I am trying to solve a very simple constrained optimization problem below:
P: $\min{x_1 + x_2}$
subject to
$ x_1 \geq 0$
$ x_2 \geq 0$
$ (2x_1+x_2)^2 = 4$
By solving the KKT condition, I have the KKT point as $(x_1,x_2,\lambda_1,\lambda_2,\mu)=(1,0,0,\frac{1}{2},-\frac{1}{8})$ and I know it is a global minima. However, when I checked the second order condition (sufficient condition), it turned out the Tagent Space (Cone) $\{d\neq0: \nabla h\cdot d=0, \nabla g_1 \cdot d\leq0, \nabla g_2\cdot d=0\}$ is empty, and thus cannot tell whether the Hessian of restricted Lagragian function is positive definite or not. In fact, if I don't use the Cone, the Hessian of the restricted Lagragian $\nabla_{xx}\bar{L}(x, \bar{\lambda},\bar{\mu})$ is negative definite, which contradicts the fact that the solution is a local min.
Could anyone help to answer my question? What should we do if the cone set is empty?
Thanks in advance.
Rewritting the problem: $$ \mathscr{P}: \min x_1+x_2, \\(2x_1+x_2)^2-4=0, \\-x_1\le0,\\ -x_2\le0 $$
Then the KKT conditions are: $$ L=(x_1+x_2)+\mu_1(-x_1)+\mu_2(-x_2)+\lambda_1((2x_1+x_2)^2-4) $$ Stationarity: $$ \nabla_{x_1}L=1-\mu_1 +\lambda_14(2x_1+x_2)=0\\ \nabla_{x_2}L=1 -\mu_2 +\lambda_12(2x_1+x_2)=0 $$ Feasibility (this is normally redundant and serves only to expose $\nabla L$) $$ \nabla_{\mu_1}L=-x_1\le0\\ \nabla_{\mu_2}L=-x_2\le0\\ \nabla_{\lambda_1}L=(2x_1+x_2)^2-4=0 $$ Slackness: $$ \mu_1x_1=0\\ \mu_2x_2=0 $$ The specified point of the full problem is: $[x_1 \ x_2 \ \mu_1 \ \mu_2 \ \lambda_1]=[1 \ 0 \ 0 \ 1/2 \ -1/8]$.
The tangent cone for the solution is evaluated for all the active constraints (Mangasarian-Fromovitz constraint qualification), which are only the active inequalities plus the equalities (which will always be active!): $$ \nabla g_1 \cdot d = \le 0\\ \nabla h_1 \cdot d = 0\\ $$ The condition in this form is trivially met for the given point.
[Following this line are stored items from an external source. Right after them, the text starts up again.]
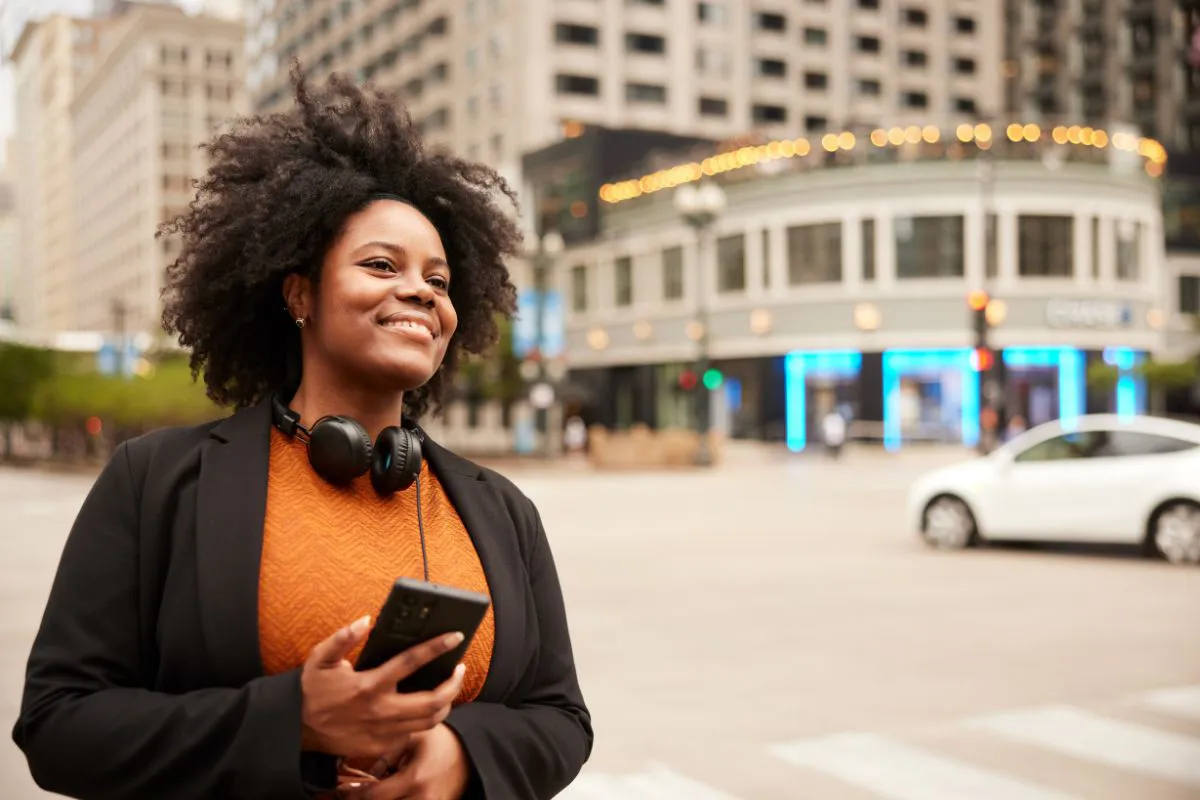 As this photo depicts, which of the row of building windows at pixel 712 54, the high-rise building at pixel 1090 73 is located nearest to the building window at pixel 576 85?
the row of building windows at pixel 712 54

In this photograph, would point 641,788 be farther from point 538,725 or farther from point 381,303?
point 381,303

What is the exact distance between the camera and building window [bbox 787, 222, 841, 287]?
158ft

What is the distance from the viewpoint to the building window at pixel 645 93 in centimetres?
7019

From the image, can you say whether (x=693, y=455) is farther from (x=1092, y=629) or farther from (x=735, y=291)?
(x=1092, y=629)

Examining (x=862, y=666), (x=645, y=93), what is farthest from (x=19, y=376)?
(x=862, y=666)

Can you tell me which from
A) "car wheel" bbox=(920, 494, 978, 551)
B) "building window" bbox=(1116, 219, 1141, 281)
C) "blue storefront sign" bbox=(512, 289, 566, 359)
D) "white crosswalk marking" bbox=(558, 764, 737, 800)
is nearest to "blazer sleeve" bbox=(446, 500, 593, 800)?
"white crosswalk marking" bbox=(558, 764, 737, 800)

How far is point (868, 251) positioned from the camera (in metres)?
47.9

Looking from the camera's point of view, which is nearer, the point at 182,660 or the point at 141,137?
the point at 182,660

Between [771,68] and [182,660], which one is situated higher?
[771,68]

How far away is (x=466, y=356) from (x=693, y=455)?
3361cm

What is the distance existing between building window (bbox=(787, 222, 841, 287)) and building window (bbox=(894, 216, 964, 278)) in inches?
90.4

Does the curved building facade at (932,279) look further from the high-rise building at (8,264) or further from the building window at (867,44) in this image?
the high-rise building at (8,264)

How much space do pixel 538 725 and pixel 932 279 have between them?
1835 inches

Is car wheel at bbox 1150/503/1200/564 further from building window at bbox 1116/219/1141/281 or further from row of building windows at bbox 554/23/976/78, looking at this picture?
row of building windows at bbox 554/23/976/78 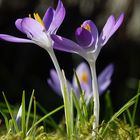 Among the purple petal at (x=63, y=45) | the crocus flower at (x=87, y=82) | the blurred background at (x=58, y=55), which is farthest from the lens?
the blurred background at (x=58, y=55)

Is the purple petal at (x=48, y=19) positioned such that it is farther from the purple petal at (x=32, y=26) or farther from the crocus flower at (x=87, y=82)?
the crocus flower at (x=87, y=82)

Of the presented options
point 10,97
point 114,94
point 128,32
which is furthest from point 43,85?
point 128,32

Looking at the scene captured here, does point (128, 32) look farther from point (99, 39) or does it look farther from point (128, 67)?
point (99, 39)

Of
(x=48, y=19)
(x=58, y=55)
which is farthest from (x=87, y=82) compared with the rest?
(x=58, y=55)

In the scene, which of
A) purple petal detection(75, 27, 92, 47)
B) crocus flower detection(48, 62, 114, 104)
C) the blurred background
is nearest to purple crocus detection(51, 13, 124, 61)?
purple petal detection(75, 27, 92, 47)

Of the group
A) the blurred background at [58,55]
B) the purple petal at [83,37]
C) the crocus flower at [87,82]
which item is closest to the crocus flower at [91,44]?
the purple petal at [83,37]

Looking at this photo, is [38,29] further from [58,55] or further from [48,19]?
[58,55]

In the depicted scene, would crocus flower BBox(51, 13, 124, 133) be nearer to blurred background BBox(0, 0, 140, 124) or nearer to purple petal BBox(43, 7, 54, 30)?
purple petal BBox(43, 7, 54, 30)

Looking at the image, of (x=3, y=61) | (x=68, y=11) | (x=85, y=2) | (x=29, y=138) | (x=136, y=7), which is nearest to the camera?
(x=29, y=138) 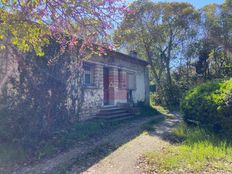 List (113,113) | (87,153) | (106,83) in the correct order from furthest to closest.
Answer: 1. (106,83)
2. (113,113)
3. (87,153)

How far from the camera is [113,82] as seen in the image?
1292 cm

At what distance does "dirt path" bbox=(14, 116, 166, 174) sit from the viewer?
488 cm

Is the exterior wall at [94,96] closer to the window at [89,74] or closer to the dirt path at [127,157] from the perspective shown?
the window at [89,74]

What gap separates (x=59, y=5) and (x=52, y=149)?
385cm

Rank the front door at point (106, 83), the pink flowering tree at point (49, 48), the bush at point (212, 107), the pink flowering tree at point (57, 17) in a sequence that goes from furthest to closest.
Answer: the front door at point (106, 83)
the bush at point (212, 107)
the pink flowering tree at point (49, 48)
the pink flowering tree at point (57, 17)

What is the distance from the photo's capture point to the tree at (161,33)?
1742 cm

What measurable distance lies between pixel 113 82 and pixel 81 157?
7597 millimetres

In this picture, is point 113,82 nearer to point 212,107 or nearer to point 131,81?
point 131,81

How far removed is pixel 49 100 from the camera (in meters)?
6.72

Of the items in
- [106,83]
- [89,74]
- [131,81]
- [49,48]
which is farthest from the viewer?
[131,81]

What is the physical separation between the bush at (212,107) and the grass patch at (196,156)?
0.45 m

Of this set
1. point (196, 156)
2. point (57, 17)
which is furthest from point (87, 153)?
point (57, 17)

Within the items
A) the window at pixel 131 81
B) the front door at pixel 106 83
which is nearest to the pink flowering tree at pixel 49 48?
the front door at pixel 106 83

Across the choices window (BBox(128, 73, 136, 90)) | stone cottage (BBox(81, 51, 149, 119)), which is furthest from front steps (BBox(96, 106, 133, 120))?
window (BBox(128, 73, 136, 90))
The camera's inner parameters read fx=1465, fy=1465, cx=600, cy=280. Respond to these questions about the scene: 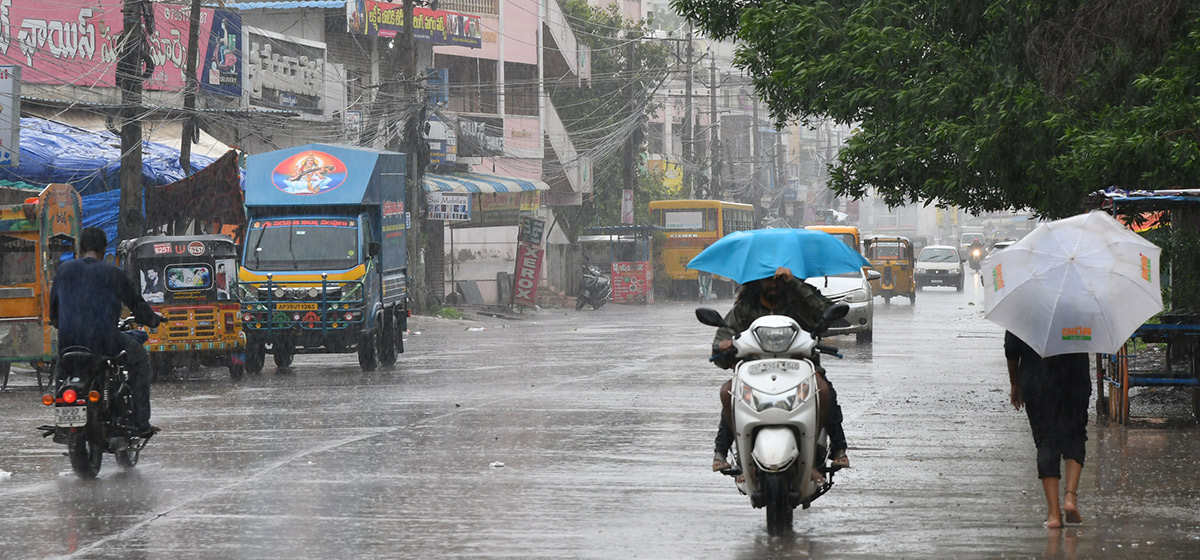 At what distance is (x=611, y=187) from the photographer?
61062 mm

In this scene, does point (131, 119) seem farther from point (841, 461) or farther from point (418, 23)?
point (418, 23)

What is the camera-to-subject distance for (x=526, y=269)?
44594 millimetres

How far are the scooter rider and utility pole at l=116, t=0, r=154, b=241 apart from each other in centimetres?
1704

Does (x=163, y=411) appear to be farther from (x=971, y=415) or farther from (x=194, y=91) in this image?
(x=194, y=91)

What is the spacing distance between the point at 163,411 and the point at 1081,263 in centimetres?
1061

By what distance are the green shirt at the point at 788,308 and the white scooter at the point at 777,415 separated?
32 cm

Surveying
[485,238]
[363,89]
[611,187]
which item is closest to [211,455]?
[363,89]

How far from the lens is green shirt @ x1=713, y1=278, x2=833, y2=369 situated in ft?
27.5

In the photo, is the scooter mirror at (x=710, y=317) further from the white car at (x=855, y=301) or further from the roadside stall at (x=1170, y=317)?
the white car at (x=855, y=301)

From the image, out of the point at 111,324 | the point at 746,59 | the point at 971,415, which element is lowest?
the point at 971,415

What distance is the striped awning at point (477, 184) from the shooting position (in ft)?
140

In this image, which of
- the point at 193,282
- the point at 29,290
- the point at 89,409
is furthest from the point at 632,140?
the point at 89,409

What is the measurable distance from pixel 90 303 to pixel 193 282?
10062mm

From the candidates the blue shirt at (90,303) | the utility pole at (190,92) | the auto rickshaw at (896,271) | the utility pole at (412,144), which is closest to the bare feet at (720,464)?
the blue shirt at (90,303) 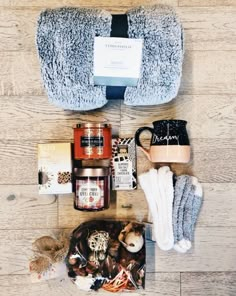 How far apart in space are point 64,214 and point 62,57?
0.47 metres

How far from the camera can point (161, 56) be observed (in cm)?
99

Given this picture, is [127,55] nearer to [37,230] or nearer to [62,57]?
[62,57]

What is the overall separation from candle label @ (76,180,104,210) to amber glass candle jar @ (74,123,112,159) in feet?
0.24

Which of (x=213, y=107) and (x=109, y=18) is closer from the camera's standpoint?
(x=109, y=18)

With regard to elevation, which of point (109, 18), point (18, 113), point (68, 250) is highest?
point (109, 18)

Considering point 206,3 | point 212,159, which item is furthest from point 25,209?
point 206,3

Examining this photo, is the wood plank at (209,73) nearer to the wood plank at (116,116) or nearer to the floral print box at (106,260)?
the wood plank at (116,116)

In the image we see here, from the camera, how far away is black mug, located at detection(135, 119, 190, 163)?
1.07m

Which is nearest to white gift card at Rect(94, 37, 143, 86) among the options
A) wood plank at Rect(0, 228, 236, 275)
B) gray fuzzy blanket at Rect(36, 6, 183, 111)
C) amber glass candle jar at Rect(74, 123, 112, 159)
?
gray fuzzy blanket at Rect(36, 6, 183, 111)

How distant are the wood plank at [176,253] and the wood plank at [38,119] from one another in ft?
0.94

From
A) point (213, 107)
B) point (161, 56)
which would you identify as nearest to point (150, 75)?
point (161, 56)

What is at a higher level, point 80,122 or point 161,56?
point 161,56

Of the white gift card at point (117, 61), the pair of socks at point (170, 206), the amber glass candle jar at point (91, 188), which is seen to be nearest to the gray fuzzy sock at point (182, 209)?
the pair of socks at point (170, 206)

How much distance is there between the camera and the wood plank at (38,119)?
116 cm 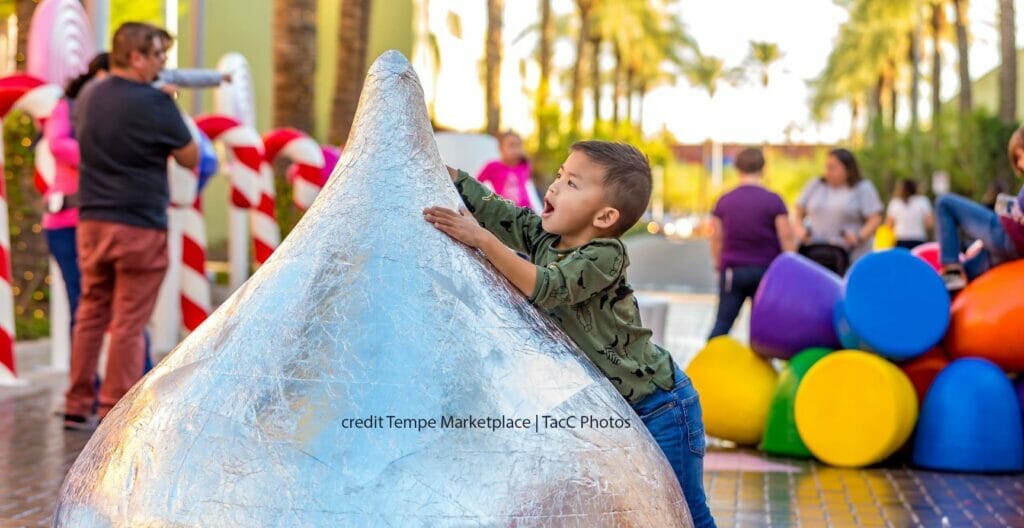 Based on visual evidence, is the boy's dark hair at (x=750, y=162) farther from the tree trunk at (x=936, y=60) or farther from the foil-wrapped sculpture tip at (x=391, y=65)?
the tree trunk at (x=936, y=60)

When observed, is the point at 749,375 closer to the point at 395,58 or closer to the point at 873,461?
the point at 873,461

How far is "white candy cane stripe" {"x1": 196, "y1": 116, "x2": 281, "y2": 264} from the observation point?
11266 millimetres

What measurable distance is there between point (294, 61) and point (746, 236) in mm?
8557

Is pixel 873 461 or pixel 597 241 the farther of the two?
pixel 873 461

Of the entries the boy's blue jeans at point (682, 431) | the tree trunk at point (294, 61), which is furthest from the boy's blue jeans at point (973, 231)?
the tree trunk at point (294, 61)

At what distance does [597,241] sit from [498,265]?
12.9 inches

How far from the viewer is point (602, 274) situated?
126 inches

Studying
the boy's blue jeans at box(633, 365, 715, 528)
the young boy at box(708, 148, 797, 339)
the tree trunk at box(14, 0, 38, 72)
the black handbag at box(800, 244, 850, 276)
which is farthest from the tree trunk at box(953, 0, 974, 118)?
the boy's blue jeans at box(633, 365, 715, 528)

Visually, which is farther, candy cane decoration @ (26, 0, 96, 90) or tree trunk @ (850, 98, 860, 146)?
tree trunk @ (850, 98, 860, 146)

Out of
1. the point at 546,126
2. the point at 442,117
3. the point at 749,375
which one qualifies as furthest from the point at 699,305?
the point at 442,117

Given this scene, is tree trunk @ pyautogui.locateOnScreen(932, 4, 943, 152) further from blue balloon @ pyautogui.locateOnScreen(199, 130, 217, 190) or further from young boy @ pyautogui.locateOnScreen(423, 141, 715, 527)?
young boy @ pyautogui.locateOnScreen(423, 141, 715, 527)

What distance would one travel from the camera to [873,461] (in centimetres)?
727

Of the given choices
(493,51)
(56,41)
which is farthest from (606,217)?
(493,51)

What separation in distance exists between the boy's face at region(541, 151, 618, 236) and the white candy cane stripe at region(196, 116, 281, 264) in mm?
7782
The full Hessian of the active constraints must be semi-positive $d'Ld>0$ for $\nabla g_1 d=0$ and $\nabla h_1 d=0$, the orthogonal directions of the active constraints.
Hence in the full Hessian: $$ \nabla^2 L= \left[ \begin{array}{ccccc} 8\lambda_1 &4\lambda_1 &-1 &0 &4(2x_1+x_2)\\ 4\lambda_1 &2\lambda_1 &0 &-1 &2(2x_1+x_2)\\ -1 &0 &0 &0 &0\\ 0 &-1 &0 &0 &0\\ 4(2x_1+x_2) &2(2x_1+x_2) &0 &0 &0 \end{array} \right] = \left[ \begin{array}{c} -1 &-2 &-1 &0 &8\\ -1/2 &-1/4 &0 &-1 &4\\ -1 &0 &0 &0 &0\\ 0 &-1 &0 &0 &0\\ 8 &4 &0 &0 &0 \end{array} \right] $$
we discard the 3rd row and column for considering the direction $[1 \ 2 \ 0 \ 0 \ 0]$ for the $h_1$ constraint active, and the rest inactive, and we have the reduced hessian, which is positive definite: $$ L(d)=d'[-1 2][-1 -2;-1/2 -1/4][-1;2]d=3d^2 $$
Note that we cannot choose any other direction without breaking feasibility. So the critical point is a minimum.